Parents frequently ask about the best options for helping their kids buy homes, so I thought I’d set out a few in this blog.
1) Gift of Funds.
If kids have sufficient income to qualify themselves and only need cash, a willing parent should simply “gift” the necessary funds for the down payment and closing costs. Parents should not, however, just plunk money in their kids’ bank accounts, but should instead wait until their kids are in contract and then “gift” the funds directly to escrow. This makes life much easier for everyone from a paperwork/paper-trailing perspective.
2) Loan Down Payment or All Funds.
If parents do not want to simply “give” their kids money, they can still “loan” their kids money. Kids, however, cannot qualify for first mortgages in most cases, if their entire down payment is a loan. We have seen some parents turn their “gifts” back into loans after the close of escrow to enable their kids to qualify, although this is not something we can officially condone.
Some parents also simply become a first mortgage lender, fronting enough cash for their kids to make cash offers and then recording a mortgage or deed of trust after close. Whether loaning a portion of the down payment as a 2nd mortgage or loaning the entire 1st mortgage, we always recommend formally recording a mortgage or deed of trust to protect all parties, for tax benefits and to help the kids establish credit.
Parents can co-sign for kids who lack sufficient income to qualify on their own. Parents, however, should keep in mind that if they already have a lot of mortgage and consumer debt obligations themselves, co-signing may not be a viable option. In addition, parents need to remember that they will be responsible for their kids’ mortgages should the kids ever miss payments, and it will impact their credit as well.
4) Second Home.
If the kids have credit issues and can’t qualify for a loan in any way, parents can also sometimes buy a property for their kids as a “second home.” Second home financing is much better than investment property financing, but the property needs to be more than 50 miles from the parents’ primary residence and it needs to make sense as a second home. Having a place to visit kids or grandkids on a weekend makes “sense” as does visiting a common vacation area.
5) Investment Property.
If none of the above options are viable or appealing, parents can always buy properties as an investment. The drawbacks, however, include higher down payment requirements of 15% to 25% and interest rates that range from 3/4% to over 1% higher than the rates associated with owner-occupied financing.
6) Equity Share.
This is another option parents may want to consider if they want to share in a property’s appreciation, and I set it out in this blog about the Unison Program (kids can also go directly to Unison themselves of course too).
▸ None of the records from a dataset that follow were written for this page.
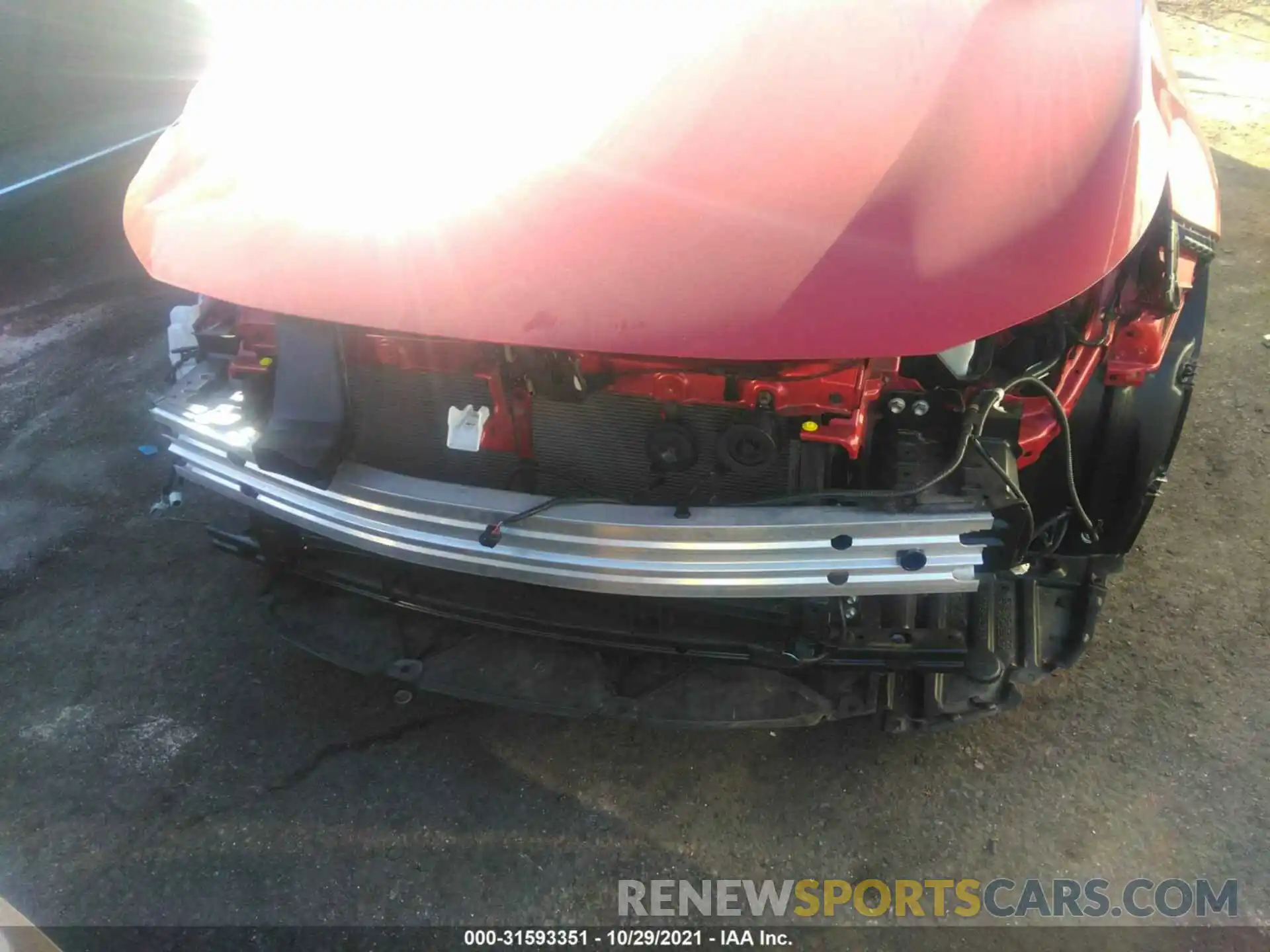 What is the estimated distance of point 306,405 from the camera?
77.6 inches

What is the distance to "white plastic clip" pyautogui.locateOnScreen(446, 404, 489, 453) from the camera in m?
1.91

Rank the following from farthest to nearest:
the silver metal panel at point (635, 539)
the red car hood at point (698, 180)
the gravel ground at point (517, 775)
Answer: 1. the gravel ground at point (517, 775)
2. the silver metal panel at point (635, 539)
3. the red car hood at point (698, 180)

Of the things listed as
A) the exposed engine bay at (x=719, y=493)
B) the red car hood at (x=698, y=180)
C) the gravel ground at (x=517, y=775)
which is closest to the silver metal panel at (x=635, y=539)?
the exposed engine bay at (x=719, y=493)

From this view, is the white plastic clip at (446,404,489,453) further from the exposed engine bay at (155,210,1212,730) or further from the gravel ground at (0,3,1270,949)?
the gravel ground at (0,3,1270,949)

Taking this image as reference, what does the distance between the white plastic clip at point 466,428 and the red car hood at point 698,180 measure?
0.34m

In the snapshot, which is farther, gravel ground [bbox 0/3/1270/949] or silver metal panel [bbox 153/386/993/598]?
gravel ground [bbox 0/3/1270/949]

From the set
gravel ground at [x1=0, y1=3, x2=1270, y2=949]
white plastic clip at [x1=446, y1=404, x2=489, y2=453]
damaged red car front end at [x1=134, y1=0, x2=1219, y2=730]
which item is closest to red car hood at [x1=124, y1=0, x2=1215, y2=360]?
damaged red car front end at [x1=134, y1=0, x2=1219, y2=730]

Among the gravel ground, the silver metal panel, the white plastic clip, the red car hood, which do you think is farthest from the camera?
the gravel ground

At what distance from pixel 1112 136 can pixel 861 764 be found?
151cm

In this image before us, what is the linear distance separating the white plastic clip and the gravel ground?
0.87m

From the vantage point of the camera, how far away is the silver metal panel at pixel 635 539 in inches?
69.7

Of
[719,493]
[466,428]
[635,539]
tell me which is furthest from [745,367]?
[466,428]

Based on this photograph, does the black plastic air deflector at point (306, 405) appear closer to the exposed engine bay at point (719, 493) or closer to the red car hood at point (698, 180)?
the exposed engine bay at point (719, 493)

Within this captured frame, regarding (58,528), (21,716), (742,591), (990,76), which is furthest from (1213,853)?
(58,528) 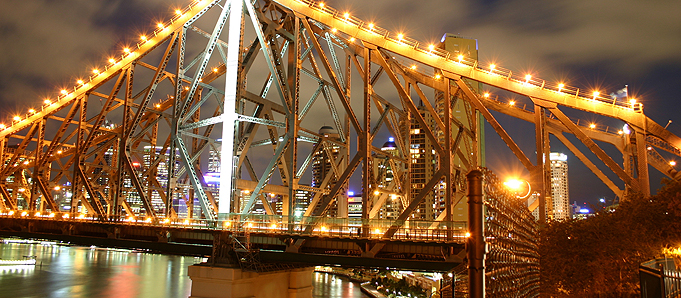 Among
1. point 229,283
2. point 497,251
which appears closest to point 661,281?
point 497,251

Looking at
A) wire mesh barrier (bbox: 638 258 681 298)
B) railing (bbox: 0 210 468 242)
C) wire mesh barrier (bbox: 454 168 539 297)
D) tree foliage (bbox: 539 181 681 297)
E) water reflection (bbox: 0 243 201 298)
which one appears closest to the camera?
wire mesh barrier (bbox: 638 258 681 298)

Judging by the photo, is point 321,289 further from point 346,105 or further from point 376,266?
point 376,266

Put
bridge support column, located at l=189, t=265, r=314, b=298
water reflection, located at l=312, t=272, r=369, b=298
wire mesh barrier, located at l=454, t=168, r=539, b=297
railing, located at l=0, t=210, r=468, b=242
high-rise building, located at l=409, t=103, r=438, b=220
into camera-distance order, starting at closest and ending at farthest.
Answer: wire mesh barrier, located at l=454, t=168, r=539, b=297 < railing, located at l=0, t=210, r=468, b=242 < bridge support column, located at l=189, t=265, r=314, b=298 < water reflection, located at l=312, t=272, r=369, b=298 < high-rise building, located at l=409, t=103, r=438, b=220

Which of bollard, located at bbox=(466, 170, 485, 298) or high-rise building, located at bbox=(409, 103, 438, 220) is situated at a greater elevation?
high-rise building, located at bbox=(409, 103, 438, 220)

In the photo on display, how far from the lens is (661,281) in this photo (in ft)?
35.8

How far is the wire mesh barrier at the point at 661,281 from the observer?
1110 cm

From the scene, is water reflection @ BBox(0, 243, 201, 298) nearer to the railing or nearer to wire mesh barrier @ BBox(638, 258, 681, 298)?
the railing

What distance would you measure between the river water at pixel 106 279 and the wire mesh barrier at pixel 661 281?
247ft

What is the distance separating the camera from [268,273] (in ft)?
99.4

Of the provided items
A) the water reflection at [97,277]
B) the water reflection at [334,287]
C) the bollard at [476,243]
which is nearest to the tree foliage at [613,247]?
the bollard at [476,243]

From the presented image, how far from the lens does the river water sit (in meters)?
80.1

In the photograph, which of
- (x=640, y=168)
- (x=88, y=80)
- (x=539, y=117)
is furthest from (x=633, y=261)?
(x=88, y=80)

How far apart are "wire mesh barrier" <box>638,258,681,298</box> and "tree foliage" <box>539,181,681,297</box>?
18903 millimetres

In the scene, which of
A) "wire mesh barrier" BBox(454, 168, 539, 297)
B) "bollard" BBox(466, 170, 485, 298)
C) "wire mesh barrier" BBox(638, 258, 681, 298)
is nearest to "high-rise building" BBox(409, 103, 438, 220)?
"wire mesh barrier" BBox(454, 168, 539, 297) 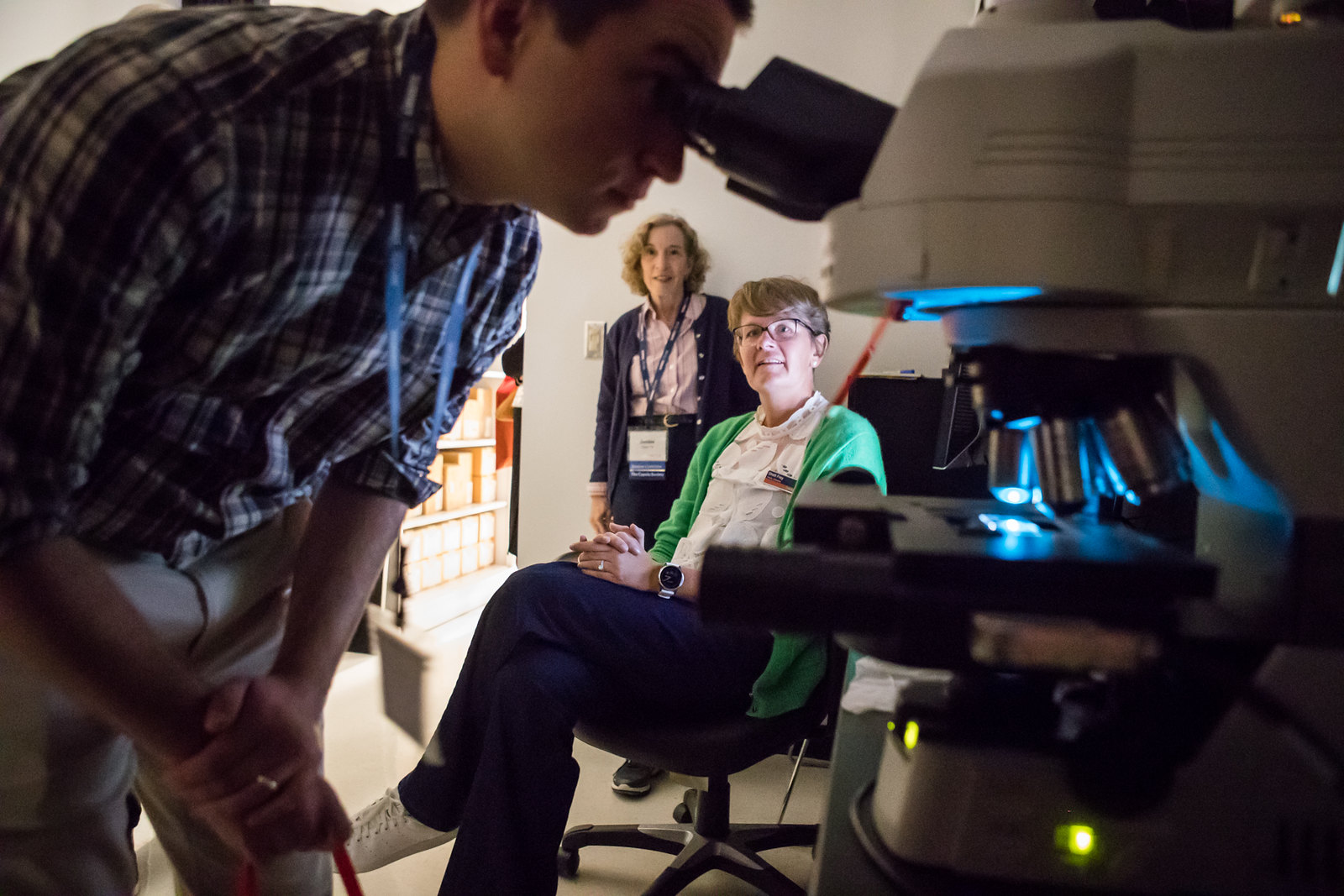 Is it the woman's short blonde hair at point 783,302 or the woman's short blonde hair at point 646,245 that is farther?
the woman's short blonde hair at point 646,245

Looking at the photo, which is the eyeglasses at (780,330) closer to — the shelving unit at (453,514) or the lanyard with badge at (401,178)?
the lanyard with badge at (401,178)

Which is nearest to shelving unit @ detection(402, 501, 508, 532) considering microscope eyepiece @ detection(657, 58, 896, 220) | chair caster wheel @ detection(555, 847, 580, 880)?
chair caster wheel @ detection(555, 847, 580, 880)

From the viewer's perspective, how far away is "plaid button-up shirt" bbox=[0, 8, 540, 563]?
452 millimetres

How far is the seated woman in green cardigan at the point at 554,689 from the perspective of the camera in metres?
1.19

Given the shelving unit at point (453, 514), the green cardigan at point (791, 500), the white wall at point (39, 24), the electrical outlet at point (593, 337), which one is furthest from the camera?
the shelving unit at point (453, 514)

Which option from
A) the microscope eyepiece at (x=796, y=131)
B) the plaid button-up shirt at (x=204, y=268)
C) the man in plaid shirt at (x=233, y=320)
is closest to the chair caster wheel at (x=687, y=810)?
the man in plaid shirt at (x=233, y=320)

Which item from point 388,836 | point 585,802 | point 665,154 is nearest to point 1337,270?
point 665,154

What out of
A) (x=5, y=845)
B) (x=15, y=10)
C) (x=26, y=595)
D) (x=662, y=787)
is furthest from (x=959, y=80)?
(x=15, y=10)

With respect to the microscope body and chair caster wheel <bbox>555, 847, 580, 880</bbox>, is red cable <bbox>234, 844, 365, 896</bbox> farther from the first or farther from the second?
chair caster wheel <bbox>555, 847, 580, 880</bbox>

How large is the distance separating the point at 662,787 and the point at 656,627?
98 cm

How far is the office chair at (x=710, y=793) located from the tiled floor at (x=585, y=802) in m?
0.08

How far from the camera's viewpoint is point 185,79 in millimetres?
481

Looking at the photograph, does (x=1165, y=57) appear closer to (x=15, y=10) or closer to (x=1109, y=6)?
(x=1109, y=6)

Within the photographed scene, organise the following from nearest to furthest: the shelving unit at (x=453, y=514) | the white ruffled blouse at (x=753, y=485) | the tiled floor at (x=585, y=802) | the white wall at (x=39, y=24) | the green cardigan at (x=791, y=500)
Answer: the green cardigan at (x=791, y=500) → the tiled floor at (x=585, y=802) → the white ruffled blouse at (x=753, y=485) → the white wall at (x=39, y=24) → the shelving unit at (x=453, y=514) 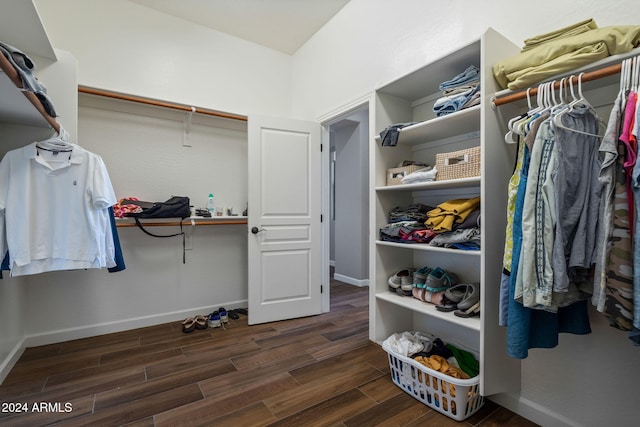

But, in exchange for providing 10% down, Unison wants 35% of a home’s appreciation when the property sells. Parents can simply make a similar demand.
7) Gift of Equity.
If the parents already own the home that the kids want to buy, the parents can simply “gift 20% of the equity” and lenders will consider that gift of equity to be an adequate down payment. I explain this in more detail in this blog.
8) Buy on Behalf of Child With Disabilities.
Parents can buy with “owner-occupied” financing if they can prove their child has a disability.